**TASK ITEM:** From the records below, please print only the lines from the one containing "Women 2 Piece" through the one containing "Hospital Corridor Smiling", both included. Skip the pictures.

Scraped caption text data
--------------------

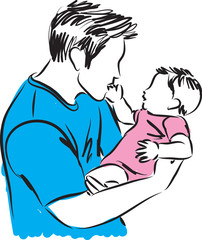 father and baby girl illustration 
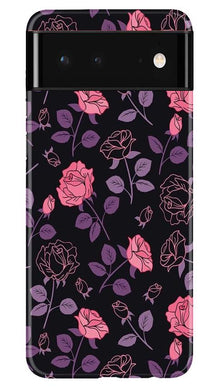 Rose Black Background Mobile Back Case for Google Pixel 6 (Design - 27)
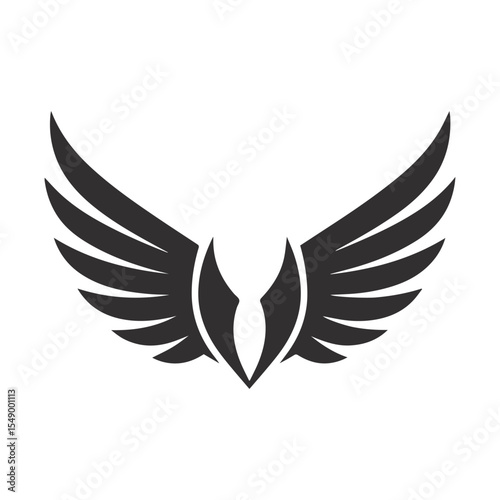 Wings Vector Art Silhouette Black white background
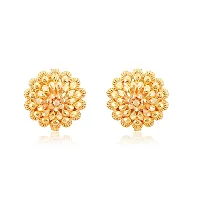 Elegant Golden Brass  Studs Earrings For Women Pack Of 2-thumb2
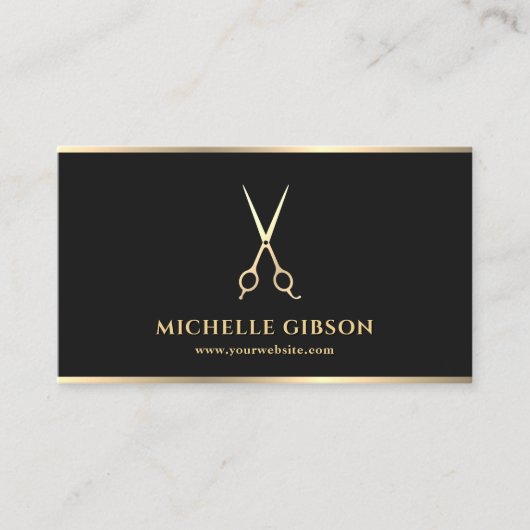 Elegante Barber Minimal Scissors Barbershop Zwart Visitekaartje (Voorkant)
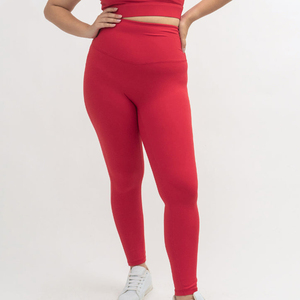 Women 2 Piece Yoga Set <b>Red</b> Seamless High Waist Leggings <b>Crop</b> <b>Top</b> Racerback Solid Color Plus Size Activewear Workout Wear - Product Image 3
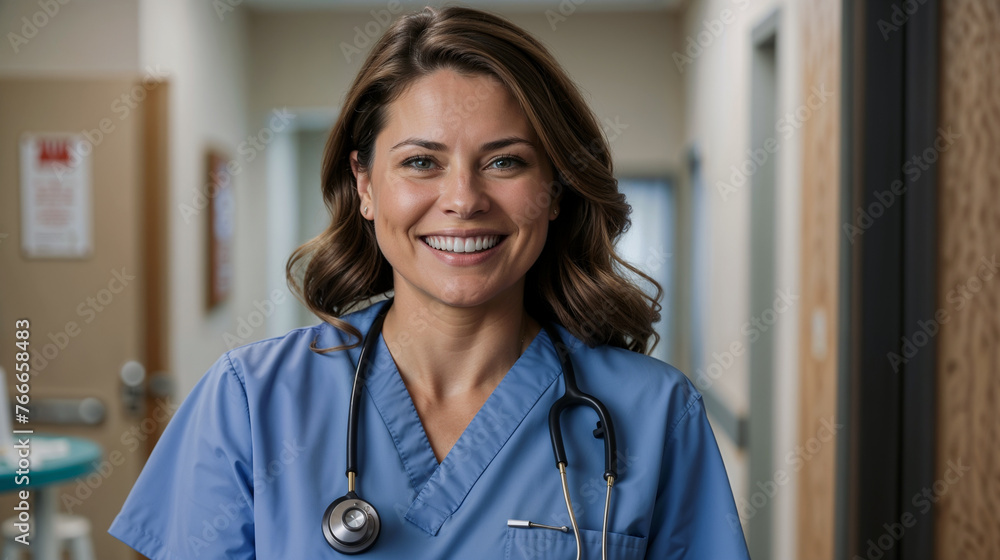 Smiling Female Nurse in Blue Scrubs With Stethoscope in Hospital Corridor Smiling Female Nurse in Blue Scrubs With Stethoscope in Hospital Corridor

--------------------

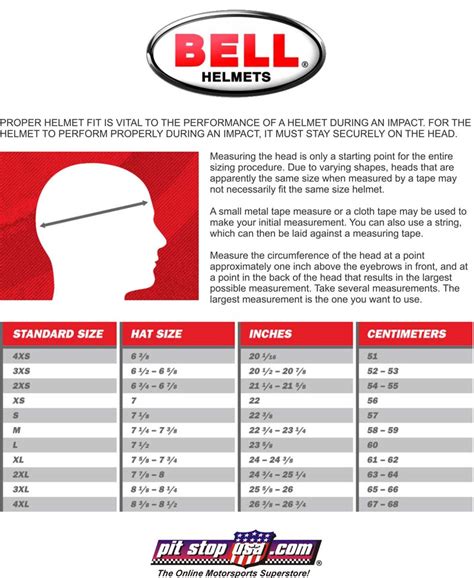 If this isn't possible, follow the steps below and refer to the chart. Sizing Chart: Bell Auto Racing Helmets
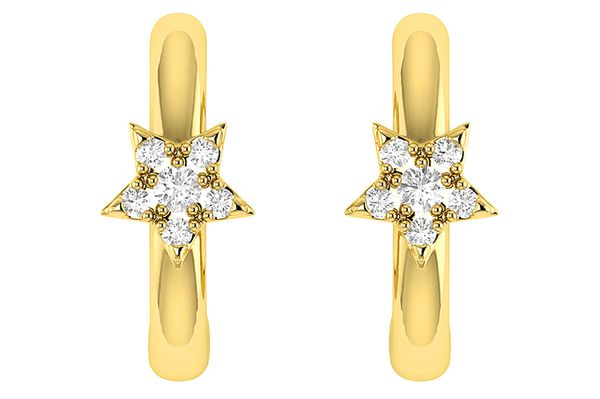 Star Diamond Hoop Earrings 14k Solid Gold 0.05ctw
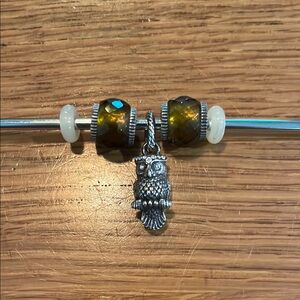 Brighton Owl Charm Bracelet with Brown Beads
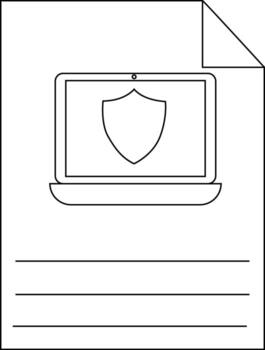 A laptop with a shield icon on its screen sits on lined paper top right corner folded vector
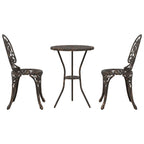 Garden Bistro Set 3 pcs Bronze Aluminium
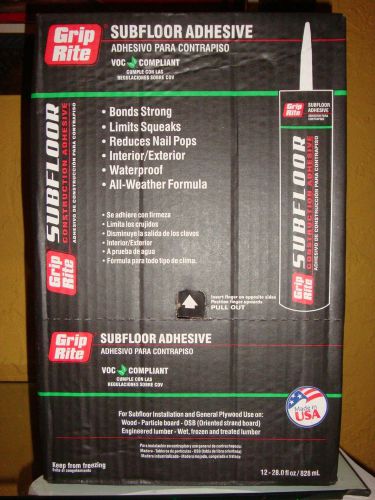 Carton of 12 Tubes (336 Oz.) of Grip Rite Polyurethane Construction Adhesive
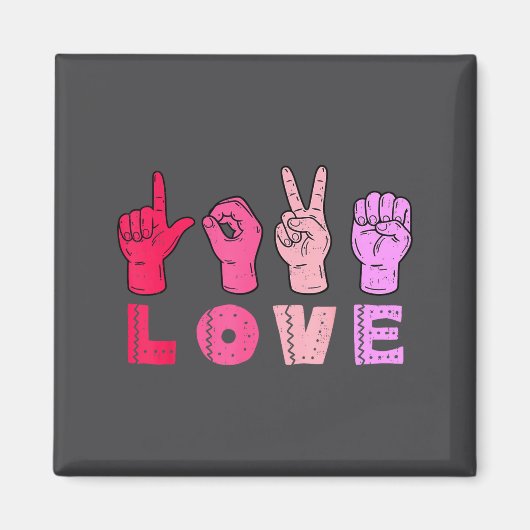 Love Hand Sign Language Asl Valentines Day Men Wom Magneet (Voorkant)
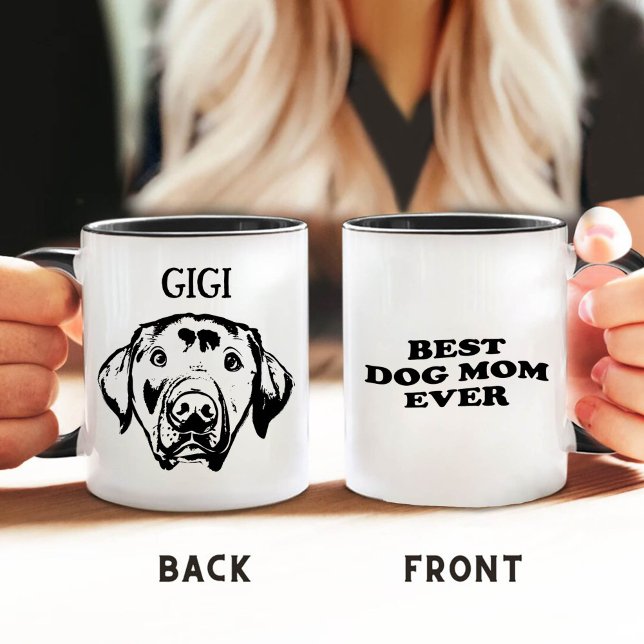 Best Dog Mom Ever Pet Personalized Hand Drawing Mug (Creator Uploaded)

--------------------

**TASK OUTPUT:**
 Women 2 Piece Yoga Set <b>Red</b> Seamless High Waist Leggings <b>Crop</b> <b>Top</b> Racerback Solid Color Plus Size Activewear Workout Wear - Product Image 3
 Smiling Female Nurse in Blue Scrubs With Stethoscope in Hospital Corridor Smiling Female Nurse in Blue Scrubs With Stethoscope in Hospital Corridor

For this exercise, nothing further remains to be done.